• Goal of the exercise:
Word for word, repeat all of the entries.

== == ==

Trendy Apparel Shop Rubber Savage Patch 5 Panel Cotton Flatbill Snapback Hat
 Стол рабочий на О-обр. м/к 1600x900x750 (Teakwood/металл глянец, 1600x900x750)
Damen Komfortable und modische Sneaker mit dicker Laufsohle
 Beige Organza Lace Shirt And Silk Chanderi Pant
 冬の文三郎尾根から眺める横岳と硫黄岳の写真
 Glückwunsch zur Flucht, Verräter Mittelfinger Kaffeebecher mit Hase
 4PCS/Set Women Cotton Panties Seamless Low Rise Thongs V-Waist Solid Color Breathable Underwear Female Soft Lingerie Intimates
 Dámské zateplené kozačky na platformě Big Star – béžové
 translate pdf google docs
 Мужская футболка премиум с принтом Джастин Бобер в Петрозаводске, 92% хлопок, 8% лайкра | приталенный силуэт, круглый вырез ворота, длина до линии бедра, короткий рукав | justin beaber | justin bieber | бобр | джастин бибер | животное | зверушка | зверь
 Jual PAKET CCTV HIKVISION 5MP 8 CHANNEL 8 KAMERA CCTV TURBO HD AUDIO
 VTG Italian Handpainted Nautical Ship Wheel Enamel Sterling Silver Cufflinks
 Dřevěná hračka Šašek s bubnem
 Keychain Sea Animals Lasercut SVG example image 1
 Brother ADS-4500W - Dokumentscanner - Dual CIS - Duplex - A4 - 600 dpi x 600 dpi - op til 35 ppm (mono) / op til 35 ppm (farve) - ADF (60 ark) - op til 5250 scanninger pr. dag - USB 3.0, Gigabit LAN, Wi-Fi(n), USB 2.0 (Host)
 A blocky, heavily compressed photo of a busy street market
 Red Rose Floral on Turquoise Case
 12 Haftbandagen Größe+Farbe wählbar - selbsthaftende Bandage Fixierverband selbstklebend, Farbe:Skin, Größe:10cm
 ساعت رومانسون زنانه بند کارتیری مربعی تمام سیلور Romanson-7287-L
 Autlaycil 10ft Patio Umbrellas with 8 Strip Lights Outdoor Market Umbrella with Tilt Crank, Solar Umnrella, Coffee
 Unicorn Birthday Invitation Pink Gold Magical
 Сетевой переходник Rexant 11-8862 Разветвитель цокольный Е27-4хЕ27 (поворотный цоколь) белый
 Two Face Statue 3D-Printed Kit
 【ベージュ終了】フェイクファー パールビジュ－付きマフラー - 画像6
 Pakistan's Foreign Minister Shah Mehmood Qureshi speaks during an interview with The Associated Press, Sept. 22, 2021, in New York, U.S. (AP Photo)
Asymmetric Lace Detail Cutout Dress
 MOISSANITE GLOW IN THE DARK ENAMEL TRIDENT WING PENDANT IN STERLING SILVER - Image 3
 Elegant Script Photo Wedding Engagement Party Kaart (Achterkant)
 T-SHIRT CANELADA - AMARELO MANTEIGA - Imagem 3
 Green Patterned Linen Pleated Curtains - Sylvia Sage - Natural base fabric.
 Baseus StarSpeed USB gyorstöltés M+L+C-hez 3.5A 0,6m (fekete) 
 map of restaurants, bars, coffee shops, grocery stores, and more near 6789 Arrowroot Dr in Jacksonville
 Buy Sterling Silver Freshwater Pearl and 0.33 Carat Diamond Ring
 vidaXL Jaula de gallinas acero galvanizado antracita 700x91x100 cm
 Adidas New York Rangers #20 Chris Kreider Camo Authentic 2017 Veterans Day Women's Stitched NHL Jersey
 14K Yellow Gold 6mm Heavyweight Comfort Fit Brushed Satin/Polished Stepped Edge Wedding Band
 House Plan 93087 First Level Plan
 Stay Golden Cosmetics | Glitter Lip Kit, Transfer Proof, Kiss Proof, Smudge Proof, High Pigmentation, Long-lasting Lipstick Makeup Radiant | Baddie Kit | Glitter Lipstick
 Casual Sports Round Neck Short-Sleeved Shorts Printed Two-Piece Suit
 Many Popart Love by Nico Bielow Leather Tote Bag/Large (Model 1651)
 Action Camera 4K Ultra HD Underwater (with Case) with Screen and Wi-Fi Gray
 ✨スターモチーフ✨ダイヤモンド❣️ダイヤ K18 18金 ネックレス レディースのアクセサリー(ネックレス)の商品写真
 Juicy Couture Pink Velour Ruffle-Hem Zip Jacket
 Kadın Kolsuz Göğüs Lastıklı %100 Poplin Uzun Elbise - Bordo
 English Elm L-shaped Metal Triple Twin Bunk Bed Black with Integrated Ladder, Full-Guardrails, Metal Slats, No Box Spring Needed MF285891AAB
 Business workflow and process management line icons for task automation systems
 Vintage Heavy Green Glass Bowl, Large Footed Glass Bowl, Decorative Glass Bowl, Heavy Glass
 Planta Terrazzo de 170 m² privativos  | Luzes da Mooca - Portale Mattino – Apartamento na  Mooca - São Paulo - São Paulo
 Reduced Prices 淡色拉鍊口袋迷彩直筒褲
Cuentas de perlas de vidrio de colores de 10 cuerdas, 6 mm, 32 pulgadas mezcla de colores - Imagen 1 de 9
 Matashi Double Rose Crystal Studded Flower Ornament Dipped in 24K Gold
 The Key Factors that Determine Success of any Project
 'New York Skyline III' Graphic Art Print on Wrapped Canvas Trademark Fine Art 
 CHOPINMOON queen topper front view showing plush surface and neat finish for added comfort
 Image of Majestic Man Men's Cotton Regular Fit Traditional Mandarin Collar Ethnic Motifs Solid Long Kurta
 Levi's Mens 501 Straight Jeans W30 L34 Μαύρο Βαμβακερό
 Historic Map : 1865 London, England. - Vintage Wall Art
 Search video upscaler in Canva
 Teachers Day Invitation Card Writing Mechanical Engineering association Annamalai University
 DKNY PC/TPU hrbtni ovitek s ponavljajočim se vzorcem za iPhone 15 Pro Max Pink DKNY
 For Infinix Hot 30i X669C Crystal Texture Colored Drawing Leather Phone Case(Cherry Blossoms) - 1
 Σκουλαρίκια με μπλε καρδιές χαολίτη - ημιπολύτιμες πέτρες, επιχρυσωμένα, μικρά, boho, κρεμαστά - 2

== == ==

• Task answer:
Trendy Apparel Shop Rubber Savage Patch 5 Panel Cotton Flatbill Snapback Hat
 Стол рабочий на О-обр. м/к 1600x900x750 (Teakwood/металл глянец, 1600x900x750)
Damen Komfortable und modische Sneaker mit dicker Laufsohle
 Beige Organza Lace Shirt And Silk Chanderi Pant
 冬の文三郎尾根から眺める横岳と硫黄岳の写真
 Glückwunsch zur Flucht, Verräter Mittelfinger Kaffeebecher mit Hase
 4PCS/Set Women Cotton Panties Seamless Low Rise Thongs V-Waist Solid Color Breathable Underwear Female Soft Lingerie Intimates
 Dámské zateplené kozačky na platformě Big Star – béžové
 translate pdf google docs
 Мужская футболка премиум с принтом Джастин Бобер в Петрозаводске, 92% хлопок, 8% лайкра | приталенный силуэт, круглый вырез ворота, длина до линии бедра, короткий рукав | justin beaber | justin bieber | бобр | джастин бибер | животное | зверушка | зверь
 Jual PAKET CCTV HIKVISION 5MP 8 CHANNEL 8 KAMERA CCTV TURBO HD AUDIO
 VTG Italian Handpainted Nautical Ship Wheel Enamel Sterling Silver Cufflinks
 Dřevěná hračka Šašek s bubnem
 Keychain Sea Animals Lasercut SVG example image 1
 Brother ADS-4500W - Dokumentscanner - Dual CIS - Duplex - A4 - 600 dpi x 600 dpi - op til 35 ppm (mono) / op til 35 ppm (farve) - ADF (60 ark) - op til 5250 scanninger pr. dag - USB 3.0, Gigabit LAN, Wi-Fi(n), USB 2.0 (Host)
 A blocky, heavily compressed photo of a busy street market
 Red Rose Floral on Turquoise Case
 12 Haftbandagen Größe+Farbe wählbar - selbsthaftende Bandage Fixierverband selbstklebend, Farbe:Skin, Größe:10cm
 ساعت رومانسون زنانه بند کارتیری مربعی تمام سیلور Romanson-7287-L
 Autlaycil 10ft Patio Umbrellas with 8 Strip Lights Outdoor Market Umbrella with Tilt Crank, Solar Umnrella, Coffee
 Unicorn Birthday Invitation Pink Gold Magical
 Сетевой переходник Rexant 11-8862 Разветвитель цокольный Е27-4хЕ27 (поворотный цоколь) белый
 Two Face Statue 3D-Printed Kit
 【ベージュ終了】フェイクファー パールビジュ－付きマフラー - 画像6
 Pakistan's Foreign Minister Shah Mehmood Qureshi speaks during an interview with The Associated Press, Sept. 22, 2021, in New York, U.S. (AP Photo)
Asymmetric Lace Detail Cutout Dress
 MOISSANITE GLOW IN THE DARK ENAMEL TRIDENT WING PENDANT IN STERLING SILVER - Image 3
 Elegant Script Photo Wedding Engagement Party Kaart (Achterkant)
 T-SHIRT CANELADA - AMARELO MANTEIGA - Imagem 3
 Green Patterned Linen Pleated Curtains - Sylvia Sage - Natural base fabric.
 Baseus StarSpeed USB gyorstöltés M+L+C-hez 3.5A 0,6m (fekete) 
 map of restaurants, bars, coffee shops, grocery stores, and more near 6789 Arrowroot Dr in Jacksonville
 Buy Sterling Silver Freshwater Pearl and 0.33 Carat Diamond Ring
 vidaXL Jaula de gallinas acero galvanizado antracita 700x91x100 cm
 Adidas New York Rangers #20 Chris Kreider Camo Authentic 2017 Veterans Day Women's Stitched NHL Jersey
 14K Yellow Gold 6mm Heavyweight Comfort Fit Brushed Satin/Polished Stepped Edge Wedding Band
 House Plan 93087 First Level Plan
 Stay Golden Cosmetics | Glitter Lip Kit, Transfer Proof, Kiss Proof, Smudge Proof, High Pigmentation, Long-lasting Lipstick Makeup Radiant | Baddie Kit | Glitter Lipstick
 Casual Sports Round Neck Short-Sleeved Shorts Printed Two-Piece Suit
 Many Popart Love by Nico Bielow Leather Tote Bag/Large (Model 1651)
 Action Camera 4K Ultra HD Underwater (with Case) with Screen and Wi-Fi Gray
 ✨スターモチーフ✨ダイヤモンド❣️ダイヤ K18 18金 ネックレス レディースのアクセサリー(ネックレス)の商品写真
 Juicy Couture Pink Velour Ruffle-Hem Zip Jacket
 Kadın Kolsuz Göğüs Lastıklı %100 Poplin Uzun Elbise - Bordo
 English Elm L-shaped Metal Triple Twin Bunk Bed Black with Integrated Ladder, Full-Guardrails, Metal Slats, No Box Spring Needed MF285891AAB
 Business workflow and process management line icons for task automation systems
 Vintage Heavy Green Glass Bowl, Large Footed Glass Bowl, Decorative Glass Bowl, Heavy Glass
 Planta Terrazzo de 170 m² privativos  | Luzes da Mooca - Portale Mattino – Apartamento na  Mooca - São Paulo - São Paulo
 Reduced Prices 淡色拉鍊口袋迷彩直筒褲
Cuentas de perlas de vidrio de colores de 10 cuerdas, 6 mm, 32 pulgadas mezcla de colores - Imagen 1 de 9
 Matashi Double Rose Crystal Studded Flower Ornament Dipped in 24K Gold
 The Key Factors that Determine Success of any Project
 'New York Skyline III' Graphic Art Print on Wrapped Canvas Trademark Fine Art 
 CHOPINMOON queen topper front view showing plush surface and neat finish for added comfort
 Image of Majestic Man Men's Cotton Regular Fit Traditional Mandarin Collar Ethnic Motifs Solid Long Kurta
 Levi's Mens 501 Straight Jeans W30 L34 Μαύρο Βαμβακερό
 Historic Map : 1865 London, England. - Vintage Wall Art
 Search video upscaler in Canva
 Teachers Day Invitation Card Writing Mechanical Engineering association Annamalai University
 DKNY PC/TPU hrbtni ovitek s ponavljajočim se vzorcem za iPhone 15 Pro Max Pink DKNY
 For Infinix Hot 30i X669C Crystal Texture Colored Drawing Leather Phone Case(Cherry Blossoms) - 1
 Σκουλαρίκια με μπλε καρδιές χαολίτη - ημιπολύτιμες πέτρες, επιχρυσωμένα, μικρά, boho, κρεμαστά - 2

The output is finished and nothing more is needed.